PARIS - Let’s begin on a positive note with that gorgeous redhead in the woods. She’s a shocker, even now, stark naked and turned to meet our gaze. Something seems to have distracted her outside the picture frame; her look has cracked the wall between her and us. She’s in our space.
The painting - Edouard Manet’s “Dejeuner sur l’Herbe” - was notoriously rejected from the Salon here in 1863. The sketchy glade, that second woman bent over a stream , occupying some vague nowhere place, freshening herself up as if before sex or perhaps just afterward: it’s all a puzzle. Like modern life.
Which was partly Manet’s point. Europe’s latest blockbuster,
“Manet, the Man Who Invented Modernity,” has opened here to some giddy reviews and a few tepid ones, but in any case to the predictable mobs.

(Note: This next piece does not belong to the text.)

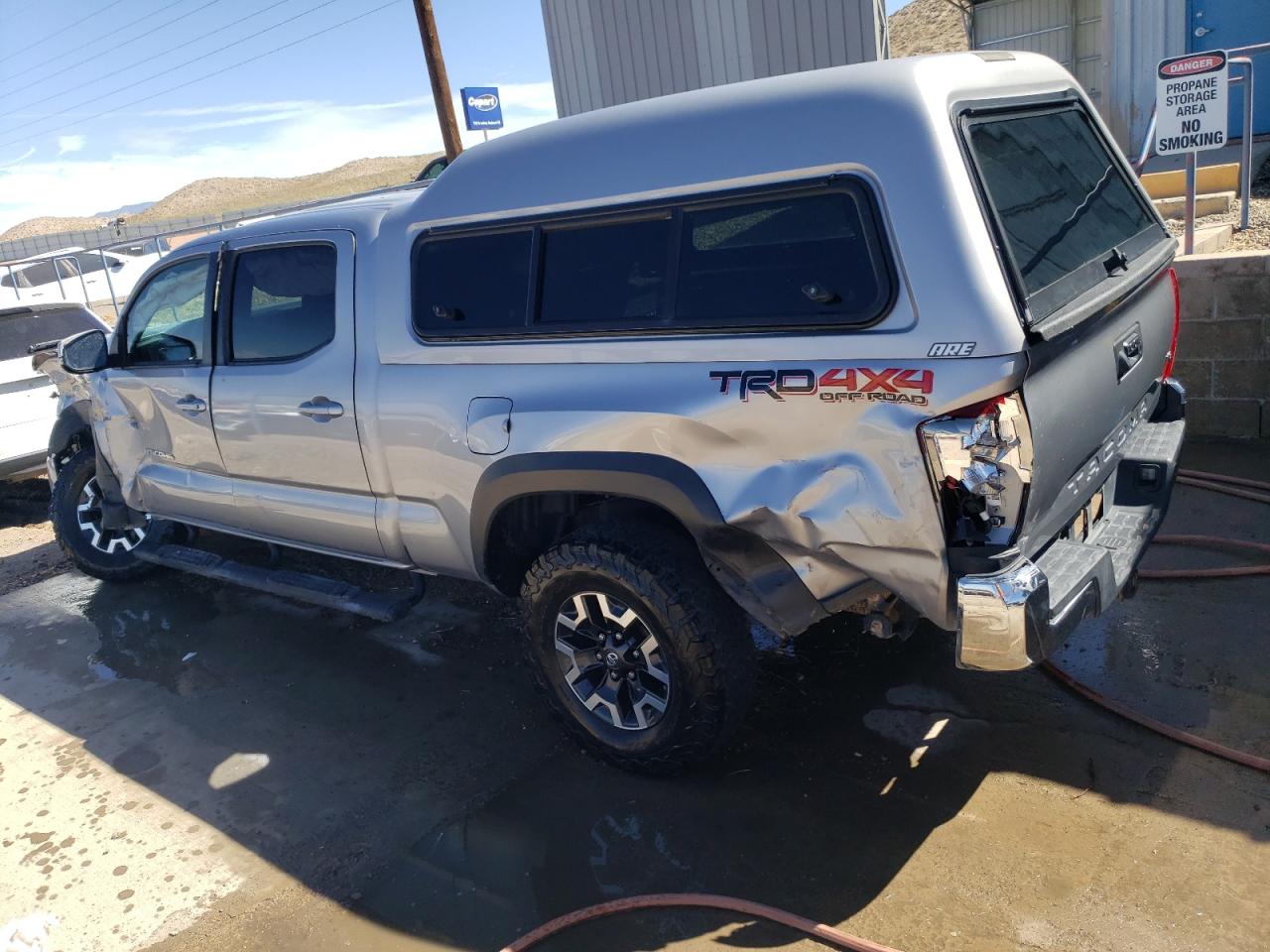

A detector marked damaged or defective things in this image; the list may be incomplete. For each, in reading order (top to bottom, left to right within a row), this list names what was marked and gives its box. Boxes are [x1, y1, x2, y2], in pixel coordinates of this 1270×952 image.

broken tail light [921, 391, 1032, 547]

They cluster before the great “Dejeuner” and also before “Olympia,” Manet’s morphing of Titian’s chaste Venus into a dead-eyed whore.

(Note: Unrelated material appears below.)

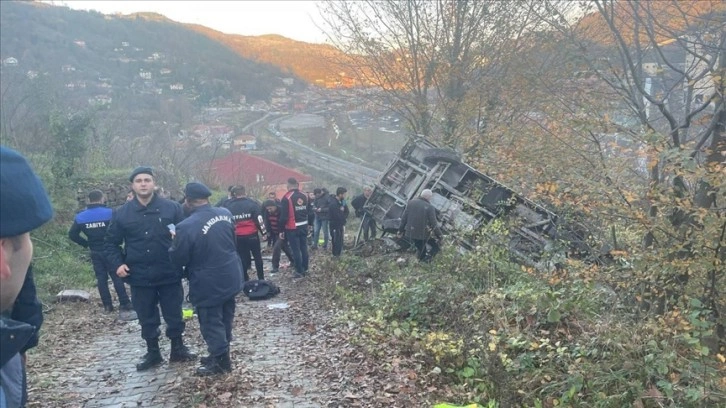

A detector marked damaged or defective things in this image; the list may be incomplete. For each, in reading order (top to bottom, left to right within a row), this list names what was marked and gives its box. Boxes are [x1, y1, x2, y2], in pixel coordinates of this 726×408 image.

Like the woman in the woods, she leaps across the transom, across the centuries, with her black neck ribbon and cat, dismantling the increasingly rickety edifice of high French art.
The most subversive but ravishing of painters, Manet encapsulated
Paris at its 19th-century cultural peak. H is circle included Baudelaire, Zola, Champfleury and Monet, who all recognized in his cynical genius the crucial bridge between French art’s, and this city’s, past and future.
Robert Hughes, the art critic, on the occasion of the last big Manet survey here nearly 30 years ago, wrote that Paris was “unthinkable without Manet; Manet unimaginable without Paris.” Still true. To see Manet today is to see not only ourselves but also how we see ourselves.
The retrospective, through July 3, was organized by the Musee d’Orsay, where many of his best works have long lived. So it could hardly have failed.
But it does. I can’t recall a major retrospective more clumsily devised. It’s a loveless exercise in curatorial pedantry, its cramped galleries larded with works by second-rank figures . A tedious section on Thomas Couture, in whose studio Manet trained, starts the show. Two Coutures would suffice. A mini-retrospective saps the soul.
Manet, an upper-class dandy who succumbed to syphilis and rheumatism at 51, in 1883, squandered much of his later energy on brassy portraits of society dames. The dozen or so here are partly compensated for by a room of late still lifes, which accounted for one-fifth of Manet’s total output. Still lifes sold well, and Manet was happy to oblige a hungry market. He also gave many away , staking his reputation on grander projects about modern life and contemporary history.
But clearly he luxuriated in his otherworldly ability to make a few lush strokes approximate, say, the mauve and gray tip of an asparagus or the fading pink glories of dying white peonies. Organizing exhibitions requires tact and a deft touch. You know it when you see it.
And when you don’t.
But let’s salvage a few more gems from the rubble. Manet was a fantastic painter of seascapes and quays . I was struck also by the gravity of his religious pictures. A funny thing: standing before his “Christ Mocked,” painted as if Jesus were a small, pale and vulnerable man, I noticed a clone of Manet’s model for Jesus waltzing into the room. It made me realize that the true supernatural is not the magic an artist conjures up in paint: Manet was painting real people. Modern art acknowledges its own artifice, he was saying. Faith is ineffable.
It helped that Manet painted like an angel and had a wicked sense of humor. Richard Dorment, the art critic of The Daily Telegraph of London, neatly dissects the wry intricacies of “Chez le Pere Lathuille,” which shows a mustachioed gigolo wooing a dowager. She recoils, slightly, lips tight in embarrassment but ready to succumb. It is ruthless and clinically accurate.
Manet’s adoring, amusing portraits of Berthe Morisot, among the show’s better moments, attest to the influence of the newly invented camera . They’re like snapshots, akin to his ingenious painting of the execution of the Emperor Maximilian, the dead man forever obscured by that smoky puff of rifle fire . It brings to mind a war photographer’s onthe- scene image no less than it does Goya’s “Third of May.”
Manet’s message? That the whole modern world is dangerous, shifty and strange.
The camera is just a byproduct and symptom of this altered condition. We must struggle for comprehension; art can help, up to a point. But the old bearings don’t moor us. We’re on our own.
No wonder his paintings seem as fresh as ever.